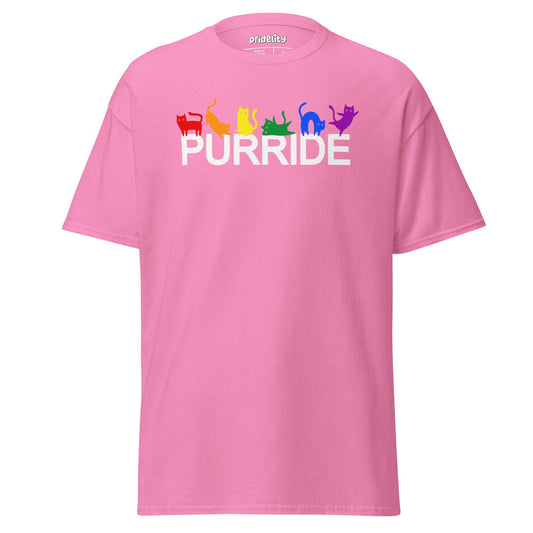Pridelity's black Purride T-Shirt features the word "PURRIDE" in striking white letters, each adorned with a bright rainbow-colored cat silhouette. The array of red, orange, yellow, green, blue, and purple cats adds a playful nod to diversity through a feline lens.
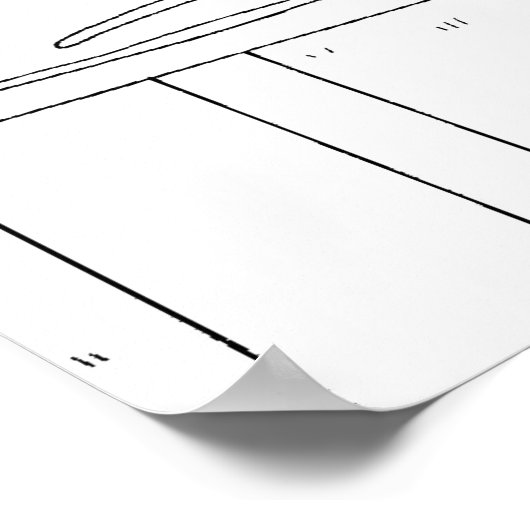 Vogeltreffen auf der Schiene zeichnend, Poster (Ecke)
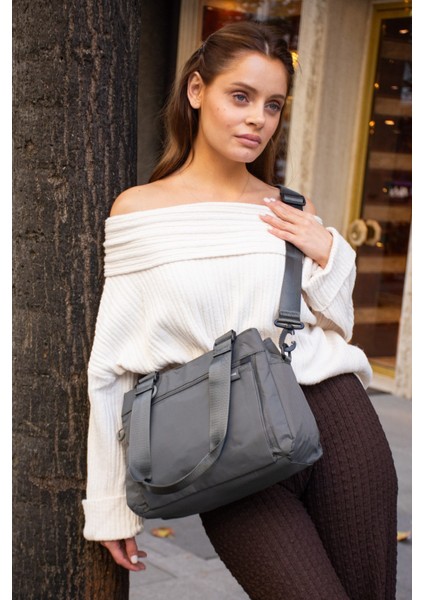 Sanmorris 5 Gözlü Desenli Paraşüt Kumaş Ayarlanabilir Çapraz Askılı El ve Omuz Çantası fırsatları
· · · · ·
◆ **Task goal**
Set down word for word, from the line that contains "Vogeltreffen auf der" to the end of the listing above, every line and no picture.

◆ **Your solution**
 Vogeltreffen auf der Schiene zeichnend, Poster (Ecke)
 Sanmorris 5 Gözlü Desenli Paraşüt Kumaş Ayarlanabilir Çapraz Askılı El ve Omuz Çantası fırsatları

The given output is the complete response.